• **Task brief**:
All lines from the one containing "Patterned Burgundy Suit" through the last line of the listing below are to be copied exactly. Exclude the pictures.

• **Information provided**:

◆ ◆ ◆

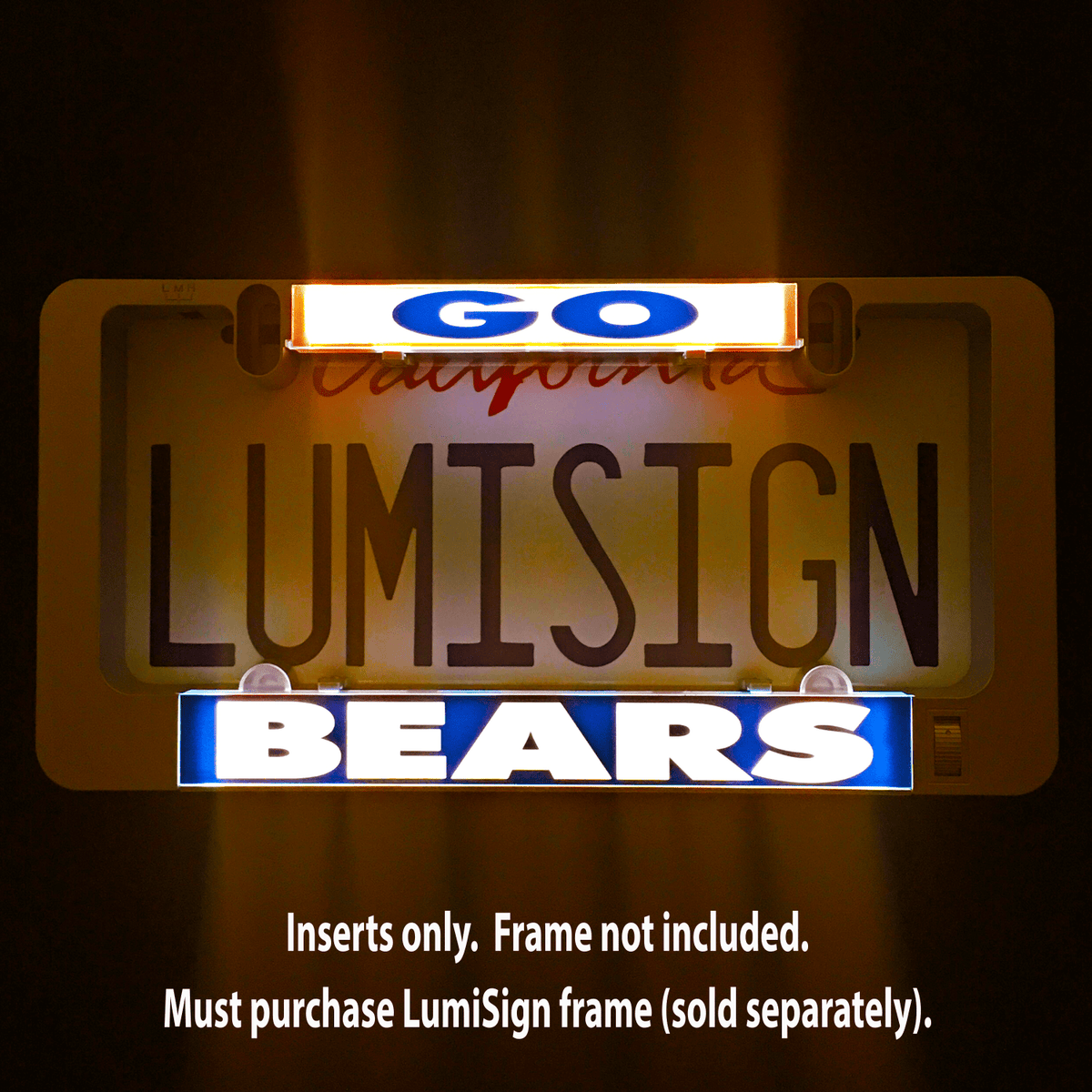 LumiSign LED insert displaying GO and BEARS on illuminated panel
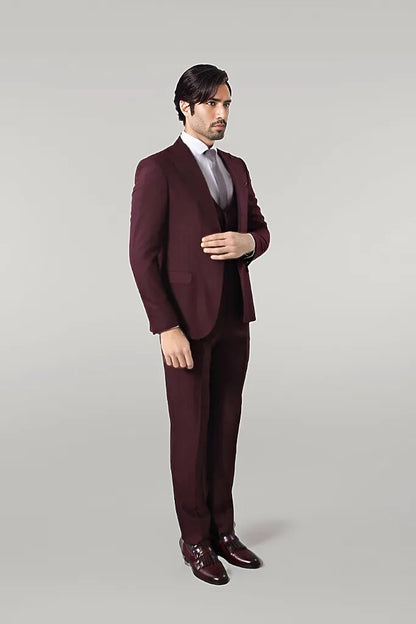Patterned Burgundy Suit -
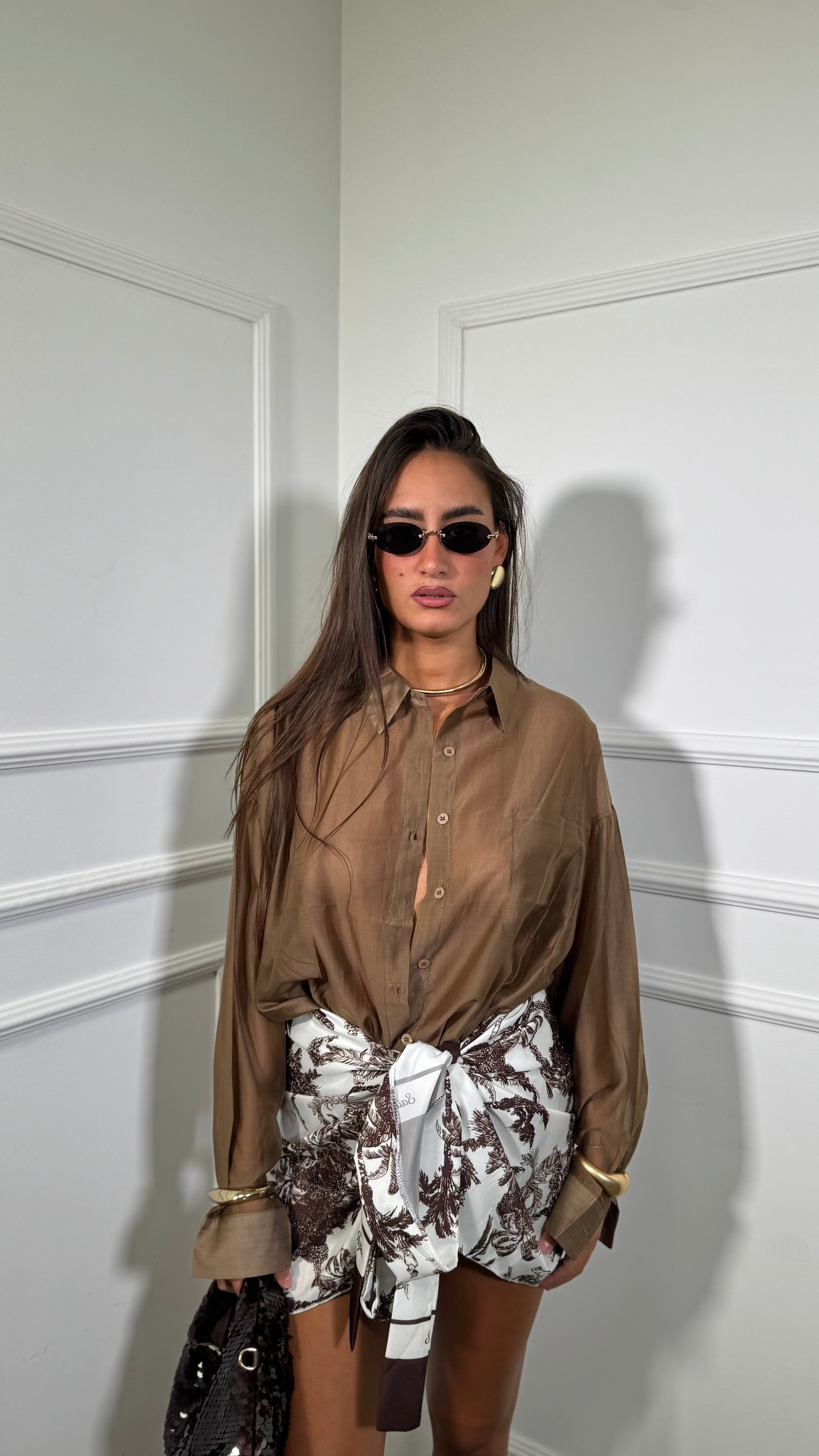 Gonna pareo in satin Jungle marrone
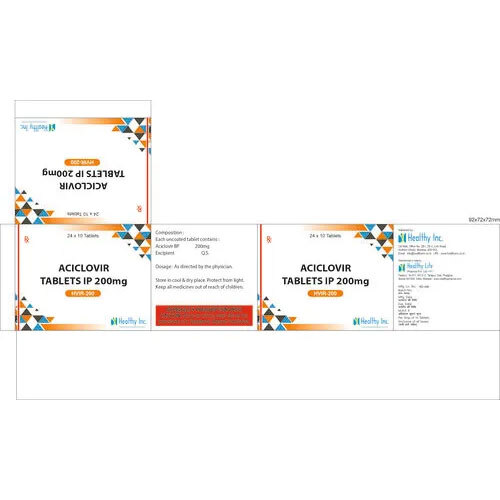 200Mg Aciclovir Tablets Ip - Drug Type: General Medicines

◆ ◆ ◆

• **Exercise response**:
Patterned Burgundy Suit -
 Gonna pareo in satin Jungle marrone
 200Mg Aciclovir Tablets Ip - Drug Type: General Medicines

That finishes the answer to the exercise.